Et il a souligné : «Je pense que j’ai vu la France adopter un discours un peu différent».

«Nous comprenons tous qu’il y a les intérêts des agriculteurs français» à défendre, mais cela «ne se justifie pas», car l’accord Mercosur-Union Européenne «est bon pour les deux parties. Et un bon accord, c’est quand les deux parties en sortent raisonnablement satisfaites», a déclaré le président de l’APEXBrésil lors de l’interview à Lusa.

Interrogé sur la raison pour laquelle il ne se rend pas alors en France dans son périple en Europe afin de garantir un soutien pour l’approbation de l’accord, Jorge Viana a répondu que l’Europe est très grande et que l’option a été de faire les rencontres en Pologne, pour des raisons géographiques, car il est possible de «réunir tous les secteurs d’Europe de l’Est» là-bas, et à Bruxelles, «parce que c’est le centre, où se trouve la décision politique».

En dépit de l’annonce de Trump de tarifs pour le commerce avec plusieurs pays, Jorge Viana a souligné qu’il préfère «croire que le gouvernement des États-Unis aura beaucoup de mal à mettre en œuvre ces mesures internes, car les plus grandes pertes pourraient se produire à l’intérieur des États-Unis».

«Dans le commerce, personne ne veut perdre.
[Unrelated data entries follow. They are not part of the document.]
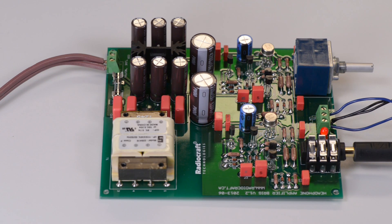Good afternoon. Today we are presenting a new headphone amplifier kit named Brigg.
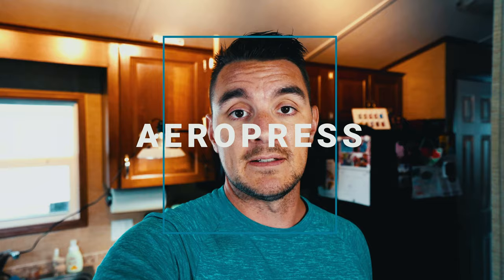Hey there, welcome back. Hope you're having a great day. Today I'm gonna take you through my process of brewing a cup of coffee, as is often needed in the afternoon, with one of my favorite brewing devices, the Aeropress. It's nothing fancy, makes a great cup of coffee and it's quick and easy, so let's get into it.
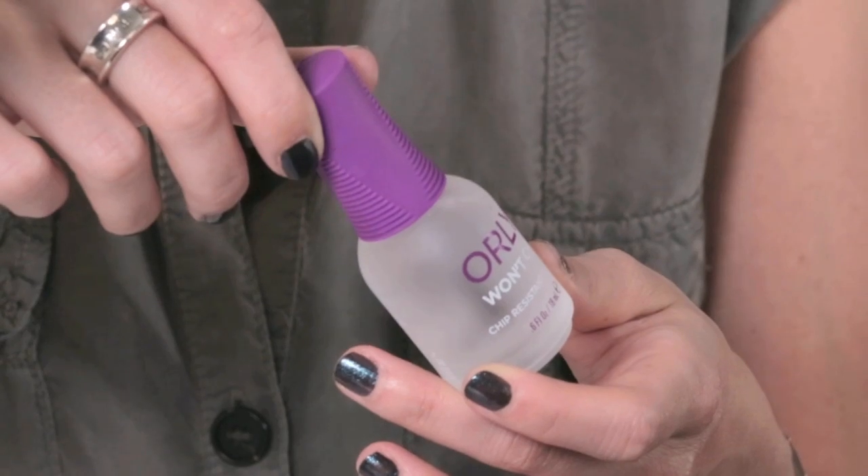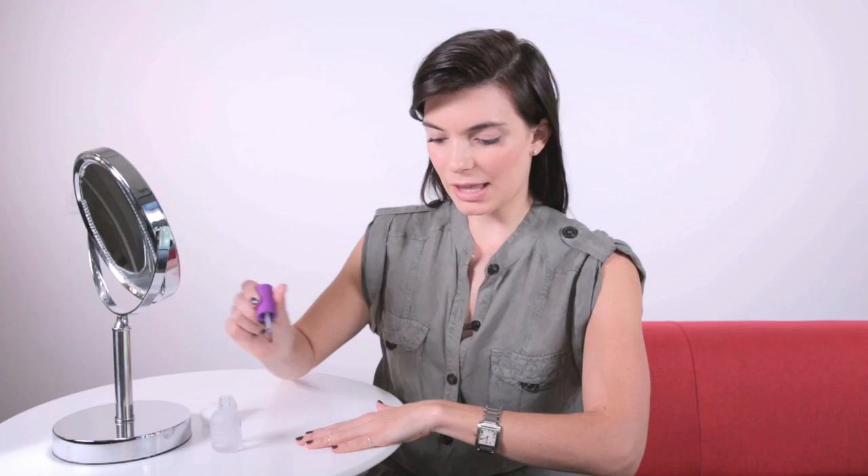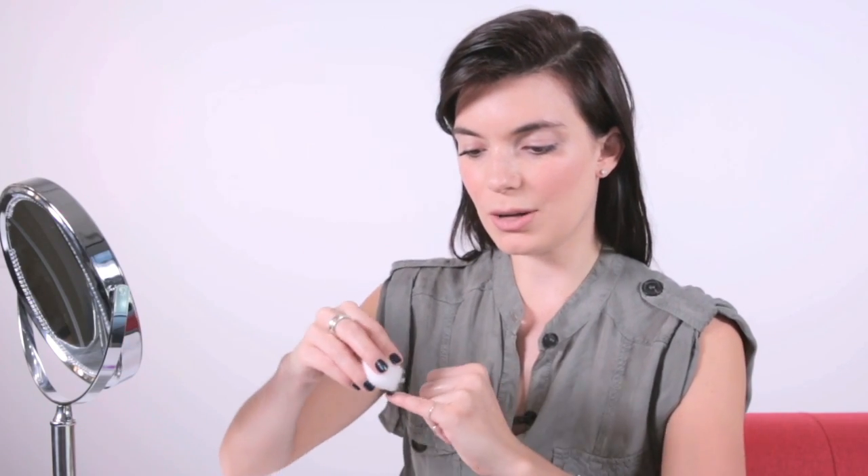What you're supposed to do is take your favorite top coat and paint it over the polish you want to remove. Make sure to use a thicker coat, let it sit on there for just a few seconds, and then take a cotton ball and wipe it away.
Si vous arrêtez de commercer là-bas, vous allez le faire avec quelqu’un d’autre. Et il y aura de la réciprocité. Si les États-Unis appliquent dix pour cent [de tarif], ce sera aussi dix pour cent à la fin», a-t-il salué.

Selon Jorge Viana, le Brésil se positionne comme «une partie de la solution», qui passe par «l’absence de conflit de tarifs dans la plus grande économie du monde».

Le Brésil «parie qu’il ne s’agit pas de cela», a-t-il dit, précisant que, dans un monde en conflit commercial, malgré le fait que son pays ait de grands avantages, si les tarifs de 10 % sur les produits brésiliens étaient mis en place, la perte dans le commerce avec les États-Unis s’élèverait à environ 4 milliards de dollars (3,5 milliards d’euros).

Au Portugal, Jorge Viana, qui termine aujourd’hui son séjour à Lisbonne, a déclaré qu’en plus de rencontrer le personnel de l’ambassade et des consulats du Brésil dans le pays, il avait quelques réunions avec des interlocuteurs politiques portugais, car il va y avoir des élections au Portugal et «il faut prendre des précautions».

À Bruxelles, Jorge Viana se réunira avec des interlocuteurs de l’Union européenne, mais a préféré ne pas préciser lesquels.

ApexBrasil, l’agence publique du Brésil responsable de la promotion des exportations, de l’internationalisation des entreprises brésiliennes et de l’attraction des investissements étrangers, a entamé mercredi des réunions en Europe avec un accent sur le processus de ratification de l’Accord Mercosur, avec le potentiel de créer le plus grand bloc économique du monde, avec plus de 700 millions de citoyens et un PIB combiné d’environ 22 billions de dollars, affirme Apex dans un communiqué de presse.

L’Accord Mercosur est en cours de ratification dans les institutions européennes.